There’s nothing like Sunday morning & the New York Times. We can’t live without Frank Rich, who offered the most clear-eyed assessment of the farce that was the U.S. Supreme Court confirmation hearings of Sonia Sotomayor. http://www.nytimes.com/2009/07/19/opinion/19rich.html She is a great and worthy judge who has proven herself time after time after time. It is precisely that which makes her different – and to some Senators suspect – that is her greatest contribution to the high court. There is very little more to say on this other than confirm her now.
The other must read was the business section take on Floyd Abrams, who’s going into battle on behalf of Standard & Poors – aka the gang that couldn’t rate straight. http://www.nytimes.com/2009/07/19/business/19floyd.html?_r=1&scp=2&sq=floyd%20abrams&st=Search Though the hook of the story is sweetly naive – what’s the major domo of First Amendment doing representing corporations? – the piece itself reveals some of the interesting issues that are likely to be litigated now that traction is being gained in the lawsuits against Standard & Poor’s, Moody’s and Fitch.
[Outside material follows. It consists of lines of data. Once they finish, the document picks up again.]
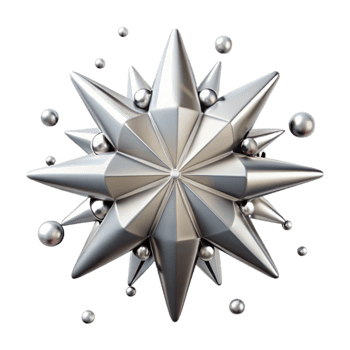 stunning vintage Silver Starburst Shape Cutout for Holiday Designs high resolution png
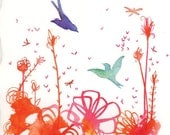 Colorful birds and flowers original watercolor-Fanciful Flight
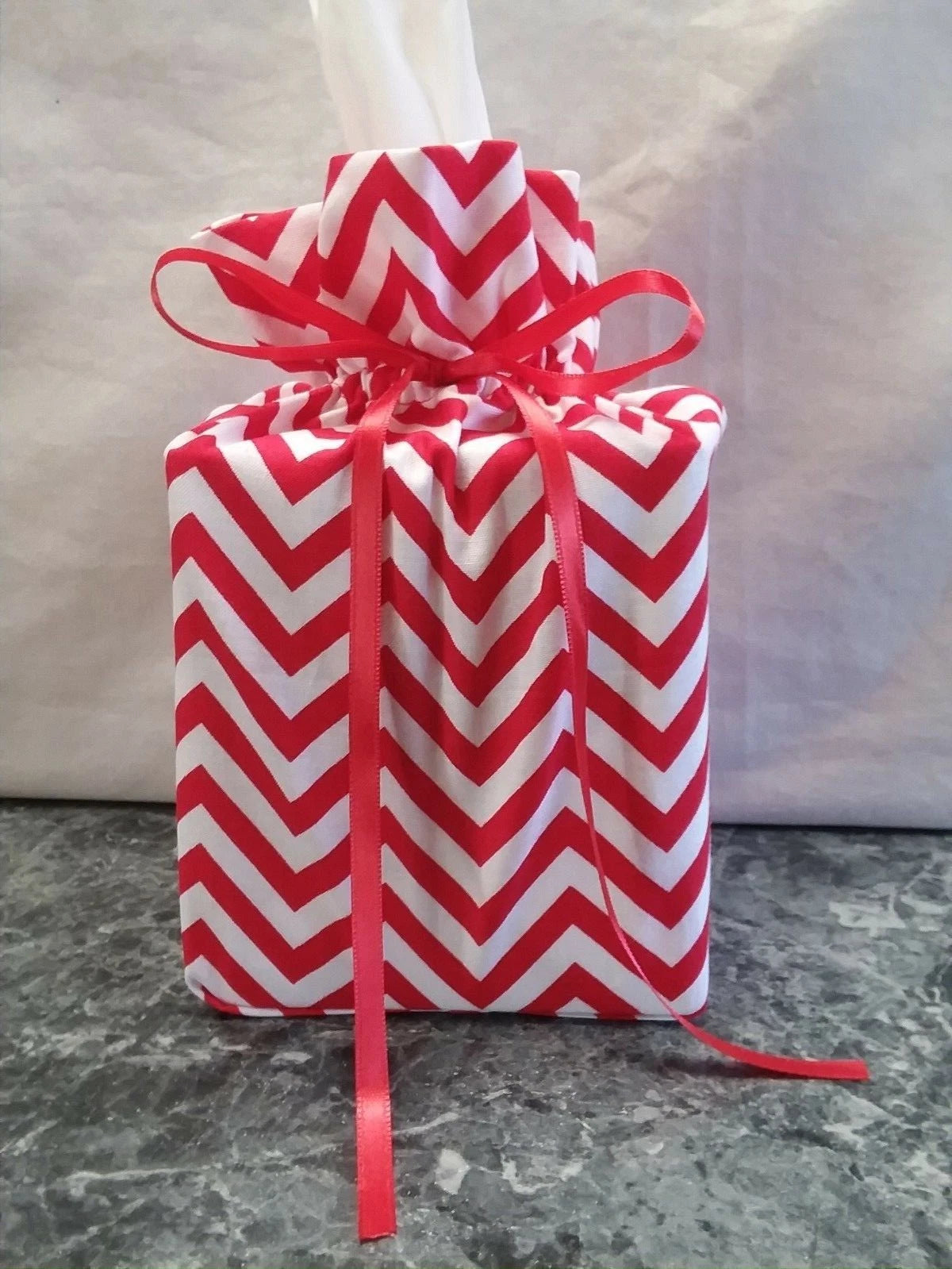 Red & White Stripes Cotton Fabric Handmade square Tissue Box Cover | eBay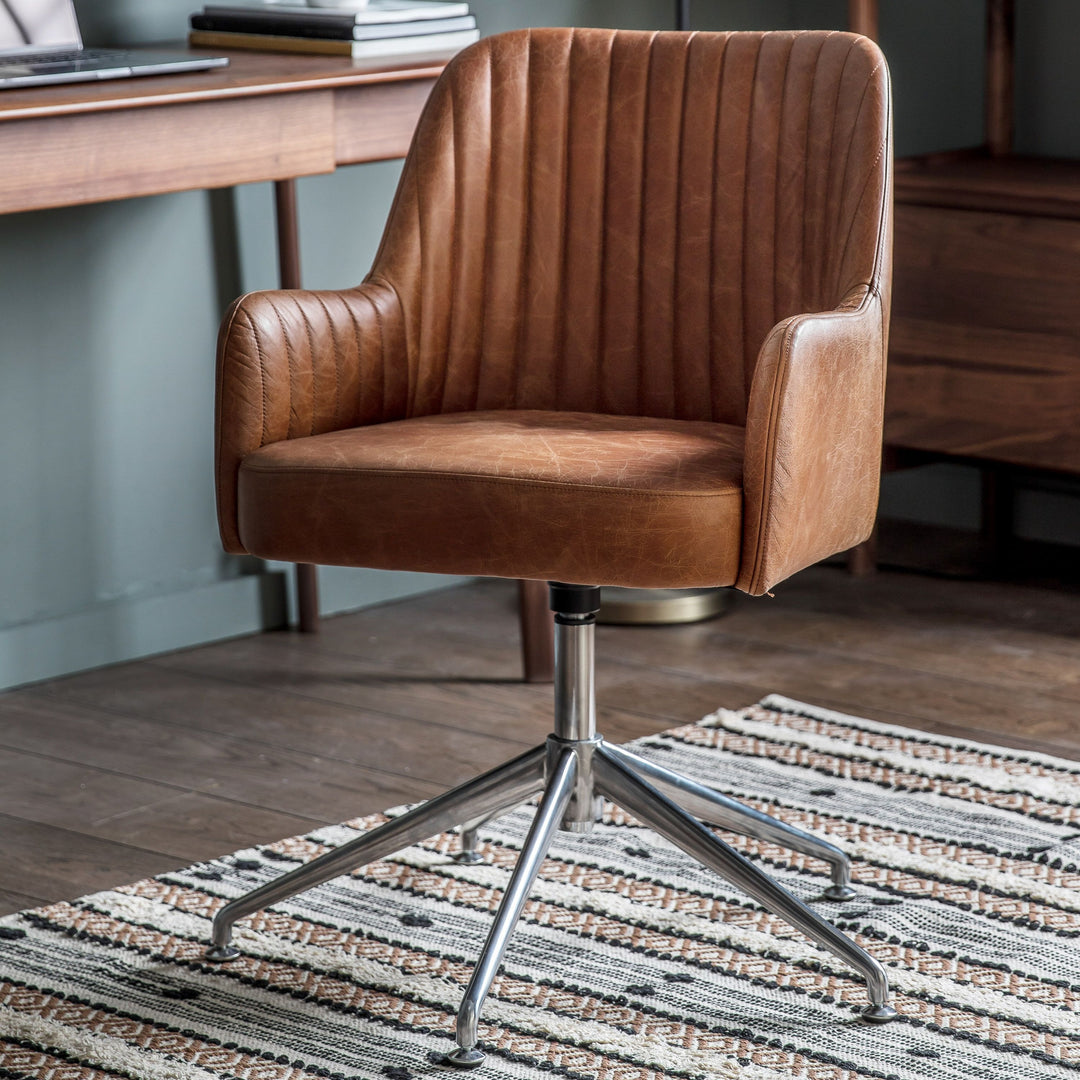 Ashcroft Swivel Chair – Vintage Brown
Abrams and his Cahill Gordon partners are defending more than 30 suits filed against S&P for awarding high ratings to billions of dollars of debt that went bad, even as they were paid by those whom they rated. Abrams’ first argument is a motion to dismiss on July 31. He will claim that S&P’s ratings should have the same level of free-speech protections afforded to journalists on the theory a bond rating is like an editorial. As to claims of fraud, Abrams discloses he will argue that S&P was just as blindsided as everyone else.
The article also reveals that no litigant has won against S&P with one exception: a small settlement in Orange County, Calif., 10 years back.
Abrams is the best, no doubt about it. And he may need to be. The article also shares an email exchange between two S&P analysts: “It could by structured by cows, and we’d rate it,” wrote one.